● **Work order**
From the line with "Vehicle Image 10" down to the final line of the material below, quote every line exactly and leave out all lines before it.

● **Data extracts**
● ● ● ●

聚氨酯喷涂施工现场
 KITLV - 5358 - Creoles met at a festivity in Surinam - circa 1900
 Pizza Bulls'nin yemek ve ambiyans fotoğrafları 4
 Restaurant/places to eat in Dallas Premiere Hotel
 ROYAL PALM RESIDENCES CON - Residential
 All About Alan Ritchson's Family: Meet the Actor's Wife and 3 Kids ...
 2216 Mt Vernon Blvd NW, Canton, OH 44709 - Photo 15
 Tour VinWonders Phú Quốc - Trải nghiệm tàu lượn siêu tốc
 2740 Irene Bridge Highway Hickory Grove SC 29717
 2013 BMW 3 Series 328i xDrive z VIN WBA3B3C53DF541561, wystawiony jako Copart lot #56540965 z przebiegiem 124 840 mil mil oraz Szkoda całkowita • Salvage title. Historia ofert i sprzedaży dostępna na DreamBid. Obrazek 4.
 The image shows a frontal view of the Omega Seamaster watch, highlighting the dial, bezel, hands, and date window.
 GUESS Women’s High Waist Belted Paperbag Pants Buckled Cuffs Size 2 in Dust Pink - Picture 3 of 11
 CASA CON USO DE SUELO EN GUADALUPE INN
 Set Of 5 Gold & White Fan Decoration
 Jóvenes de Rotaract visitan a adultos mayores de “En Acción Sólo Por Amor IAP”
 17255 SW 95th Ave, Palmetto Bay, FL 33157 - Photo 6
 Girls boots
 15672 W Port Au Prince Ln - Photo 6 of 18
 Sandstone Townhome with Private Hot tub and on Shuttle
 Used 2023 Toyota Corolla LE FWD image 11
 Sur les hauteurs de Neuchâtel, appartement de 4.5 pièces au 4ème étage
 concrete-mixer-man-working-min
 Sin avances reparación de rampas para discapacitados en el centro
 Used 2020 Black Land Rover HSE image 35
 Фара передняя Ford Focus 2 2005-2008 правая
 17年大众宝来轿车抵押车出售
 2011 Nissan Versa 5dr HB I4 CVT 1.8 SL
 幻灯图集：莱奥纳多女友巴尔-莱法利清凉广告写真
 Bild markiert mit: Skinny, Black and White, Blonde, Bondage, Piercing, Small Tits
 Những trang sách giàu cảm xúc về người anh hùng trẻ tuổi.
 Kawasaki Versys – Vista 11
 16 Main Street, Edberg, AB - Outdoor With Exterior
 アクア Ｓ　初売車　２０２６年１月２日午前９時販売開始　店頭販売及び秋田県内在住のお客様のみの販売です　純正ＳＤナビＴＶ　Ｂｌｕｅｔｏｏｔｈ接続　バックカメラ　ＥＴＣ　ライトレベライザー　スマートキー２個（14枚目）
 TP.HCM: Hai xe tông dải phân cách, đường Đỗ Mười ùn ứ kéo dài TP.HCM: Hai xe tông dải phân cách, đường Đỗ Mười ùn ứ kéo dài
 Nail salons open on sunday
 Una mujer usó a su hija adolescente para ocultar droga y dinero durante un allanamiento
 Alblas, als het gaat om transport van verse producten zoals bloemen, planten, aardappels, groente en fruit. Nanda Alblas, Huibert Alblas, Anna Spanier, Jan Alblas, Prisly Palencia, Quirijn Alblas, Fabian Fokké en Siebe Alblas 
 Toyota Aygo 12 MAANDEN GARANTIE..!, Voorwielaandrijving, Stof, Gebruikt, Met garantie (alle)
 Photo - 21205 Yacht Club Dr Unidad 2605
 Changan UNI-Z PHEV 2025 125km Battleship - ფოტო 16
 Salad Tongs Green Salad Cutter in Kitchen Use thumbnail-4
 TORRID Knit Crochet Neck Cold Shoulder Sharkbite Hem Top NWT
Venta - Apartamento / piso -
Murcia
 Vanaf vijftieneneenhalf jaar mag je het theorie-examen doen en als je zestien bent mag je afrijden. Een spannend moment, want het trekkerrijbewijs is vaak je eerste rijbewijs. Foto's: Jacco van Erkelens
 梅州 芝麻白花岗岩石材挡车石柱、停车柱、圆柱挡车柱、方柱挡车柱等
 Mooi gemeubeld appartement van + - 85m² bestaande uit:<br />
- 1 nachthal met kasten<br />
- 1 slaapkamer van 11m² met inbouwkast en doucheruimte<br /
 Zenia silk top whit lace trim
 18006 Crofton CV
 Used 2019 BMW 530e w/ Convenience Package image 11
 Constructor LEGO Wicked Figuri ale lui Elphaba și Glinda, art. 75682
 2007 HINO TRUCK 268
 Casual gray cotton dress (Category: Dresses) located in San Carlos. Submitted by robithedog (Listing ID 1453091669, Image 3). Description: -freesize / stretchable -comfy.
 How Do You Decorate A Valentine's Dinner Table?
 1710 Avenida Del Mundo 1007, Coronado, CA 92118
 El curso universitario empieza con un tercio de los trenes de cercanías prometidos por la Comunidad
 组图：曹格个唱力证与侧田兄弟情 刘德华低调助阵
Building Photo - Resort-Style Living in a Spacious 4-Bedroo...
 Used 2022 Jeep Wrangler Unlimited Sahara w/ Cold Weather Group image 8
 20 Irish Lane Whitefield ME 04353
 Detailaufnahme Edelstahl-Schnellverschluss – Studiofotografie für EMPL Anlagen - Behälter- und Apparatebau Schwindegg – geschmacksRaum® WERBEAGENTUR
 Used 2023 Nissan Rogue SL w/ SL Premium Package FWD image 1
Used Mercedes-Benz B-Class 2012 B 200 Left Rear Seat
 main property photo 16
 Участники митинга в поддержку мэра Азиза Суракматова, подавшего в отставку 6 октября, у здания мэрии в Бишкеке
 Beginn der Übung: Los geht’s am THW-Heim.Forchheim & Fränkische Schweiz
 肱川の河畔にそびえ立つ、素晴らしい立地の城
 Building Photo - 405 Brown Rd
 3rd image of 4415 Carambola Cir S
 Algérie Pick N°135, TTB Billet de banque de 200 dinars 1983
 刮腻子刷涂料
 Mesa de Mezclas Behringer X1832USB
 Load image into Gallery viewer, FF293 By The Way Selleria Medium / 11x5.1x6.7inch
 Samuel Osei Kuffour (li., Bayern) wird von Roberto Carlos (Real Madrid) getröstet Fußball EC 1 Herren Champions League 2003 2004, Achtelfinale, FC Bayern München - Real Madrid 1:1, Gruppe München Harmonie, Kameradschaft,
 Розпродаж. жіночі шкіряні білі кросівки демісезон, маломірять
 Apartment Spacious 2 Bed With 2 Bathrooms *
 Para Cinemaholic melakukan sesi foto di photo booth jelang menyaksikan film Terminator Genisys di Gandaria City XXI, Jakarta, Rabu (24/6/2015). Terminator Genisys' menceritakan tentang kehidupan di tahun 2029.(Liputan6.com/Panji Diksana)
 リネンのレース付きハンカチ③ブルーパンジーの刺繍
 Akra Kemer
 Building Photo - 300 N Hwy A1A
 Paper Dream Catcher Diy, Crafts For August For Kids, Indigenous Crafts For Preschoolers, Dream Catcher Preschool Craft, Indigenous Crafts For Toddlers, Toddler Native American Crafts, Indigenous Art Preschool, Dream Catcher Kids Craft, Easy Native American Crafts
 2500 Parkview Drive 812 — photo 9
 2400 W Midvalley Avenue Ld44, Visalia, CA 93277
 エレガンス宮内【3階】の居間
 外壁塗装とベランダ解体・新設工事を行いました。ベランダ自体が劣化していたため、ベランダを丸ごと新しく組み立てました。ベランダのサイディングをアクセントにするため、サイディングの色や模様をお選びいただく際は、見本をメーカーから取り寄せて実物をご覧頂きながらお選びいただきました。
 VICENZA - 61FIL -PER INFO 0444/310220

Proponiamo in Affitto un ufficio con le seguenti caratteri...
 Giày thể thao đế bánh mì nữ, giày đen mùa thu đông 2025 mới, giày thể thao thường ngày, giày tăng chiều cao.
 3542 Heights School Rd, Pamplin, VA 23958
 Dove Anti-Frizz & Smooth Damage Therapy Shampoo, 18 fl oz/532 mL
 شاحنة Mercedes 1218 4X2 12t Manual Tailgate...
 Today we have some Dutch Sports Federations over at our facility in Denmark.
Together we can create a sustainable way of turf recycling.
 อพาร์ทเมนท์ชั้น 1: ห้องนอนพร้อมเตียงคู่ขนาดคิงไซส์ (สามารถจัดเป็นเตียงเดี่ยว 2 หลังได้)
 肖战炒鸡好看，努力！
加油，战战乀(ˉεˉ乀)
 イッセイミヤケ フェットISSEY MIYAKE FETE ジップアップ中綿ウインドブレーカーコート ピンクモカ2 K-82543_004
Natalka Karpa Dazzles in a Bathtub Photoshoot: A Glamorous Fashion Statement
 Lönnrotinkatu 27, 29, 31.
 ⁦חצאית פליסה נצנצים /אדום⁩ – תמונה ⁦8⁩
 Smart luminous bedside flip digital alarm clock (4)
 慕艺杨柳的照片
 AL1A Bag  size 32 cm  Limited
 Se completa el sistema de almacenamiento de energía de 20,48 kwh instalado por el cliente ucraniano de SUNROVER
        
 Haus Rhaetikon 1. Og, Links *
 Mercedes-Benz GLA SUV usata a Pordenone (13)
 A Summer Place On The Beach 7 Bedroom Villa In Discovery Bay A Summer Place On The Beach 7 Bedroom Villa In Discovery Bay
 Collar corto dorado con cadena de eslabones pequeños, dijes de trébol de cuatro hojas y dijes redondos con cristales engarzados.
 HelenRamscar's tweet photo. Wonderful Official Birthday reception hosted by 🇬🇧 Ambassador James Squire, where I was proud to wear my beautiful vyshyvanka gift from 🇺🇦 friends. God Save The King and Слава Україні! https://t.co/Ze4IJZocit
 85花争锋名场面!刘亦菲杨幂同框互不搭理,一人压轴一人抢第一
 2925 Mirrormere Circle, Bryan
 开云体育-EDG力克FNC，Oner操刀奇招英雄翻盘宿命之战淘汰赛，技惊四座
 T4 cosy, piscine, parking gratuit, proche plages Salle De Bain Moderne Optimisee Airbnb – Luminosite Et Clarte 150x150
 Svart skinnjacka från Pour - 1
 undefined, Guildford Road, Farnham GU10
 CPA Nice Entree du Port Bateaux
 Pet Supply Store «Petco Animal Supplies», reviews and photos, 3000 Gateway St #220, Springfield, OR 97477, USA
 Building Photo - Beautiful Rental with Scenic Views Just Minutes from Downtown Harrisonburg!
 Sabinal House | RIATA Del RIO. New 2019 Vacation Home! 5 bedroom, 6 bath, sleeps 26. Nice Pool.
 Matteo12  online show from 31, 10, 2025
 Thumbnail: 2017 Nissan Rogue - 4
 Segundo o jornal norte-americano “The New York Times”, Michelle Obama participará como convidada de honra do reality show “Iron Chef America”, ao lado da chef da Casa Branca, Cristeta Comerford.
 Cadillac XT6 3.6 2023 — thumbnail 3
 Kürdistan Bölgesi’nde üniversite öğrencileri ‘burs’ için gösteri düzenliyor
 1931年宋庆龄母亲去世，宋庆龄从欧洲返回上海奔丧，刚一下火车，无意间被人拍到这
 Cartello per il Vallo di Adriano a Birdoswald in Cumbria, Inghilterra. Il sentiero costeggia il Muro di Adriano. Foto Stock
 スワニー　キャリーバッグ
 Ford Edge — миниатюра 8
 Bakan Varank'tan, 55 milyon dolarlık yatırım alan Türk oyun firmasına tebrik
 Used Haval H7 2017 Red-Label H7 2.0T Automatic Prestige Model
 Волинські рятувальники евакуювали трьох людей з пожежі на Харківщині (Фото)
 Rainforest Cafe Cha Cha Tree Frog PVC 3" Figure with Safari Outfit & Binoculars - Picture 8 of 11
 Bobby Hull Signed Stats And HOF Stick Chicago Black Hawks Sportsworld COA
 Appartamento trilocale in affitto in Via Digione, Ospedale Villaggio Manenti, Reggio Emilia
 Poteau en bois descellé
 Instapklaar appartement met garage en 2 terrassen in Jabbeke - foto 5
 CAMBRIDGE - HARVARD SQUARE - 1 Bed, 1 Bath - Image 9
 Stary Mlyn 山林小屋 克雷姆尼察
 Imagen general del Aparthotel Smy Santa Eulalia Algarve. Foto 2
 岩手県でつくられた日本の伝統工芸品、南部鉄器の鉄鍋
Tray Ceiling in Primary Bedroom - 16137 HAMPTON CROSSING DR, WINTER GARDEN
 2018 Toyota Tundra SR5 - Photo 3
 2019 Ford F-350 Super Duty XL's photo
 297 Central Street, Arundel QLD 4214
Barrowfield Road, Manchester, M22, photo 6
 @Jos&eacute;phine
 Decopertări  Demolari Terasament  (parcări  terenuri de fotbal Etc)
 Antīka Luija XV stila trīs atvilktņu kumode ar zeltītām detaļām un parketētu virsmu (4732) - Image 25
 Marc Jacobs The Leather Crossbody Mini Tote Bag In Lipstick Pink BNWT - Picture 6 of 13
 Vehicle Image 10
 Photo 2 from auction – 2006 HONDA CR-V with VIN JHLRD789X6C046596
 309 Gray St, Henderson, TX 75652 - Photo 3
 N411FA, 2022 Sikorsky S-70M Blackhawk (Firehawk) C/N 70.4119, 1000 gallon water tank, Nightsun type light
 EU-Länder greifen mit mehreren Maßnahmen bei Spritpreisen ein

● ● ● ●

● **Expected answer**
 Vehicle Image 10
 Photo 2 from auction – 2006 HONDA CR-V with VIN JHLRD789X6C046596
 309 Gray St, Henderson, TX 75652 - Photo 3
 N411FA, 2022 Sikorsky S-70M Blackhawk (Firehawk) C/N 70.4119, 1000 gallon water tank, Nightsun type light
 EU-Länder greifen mit mehreren Maßnahmen bei Spritpreisen ein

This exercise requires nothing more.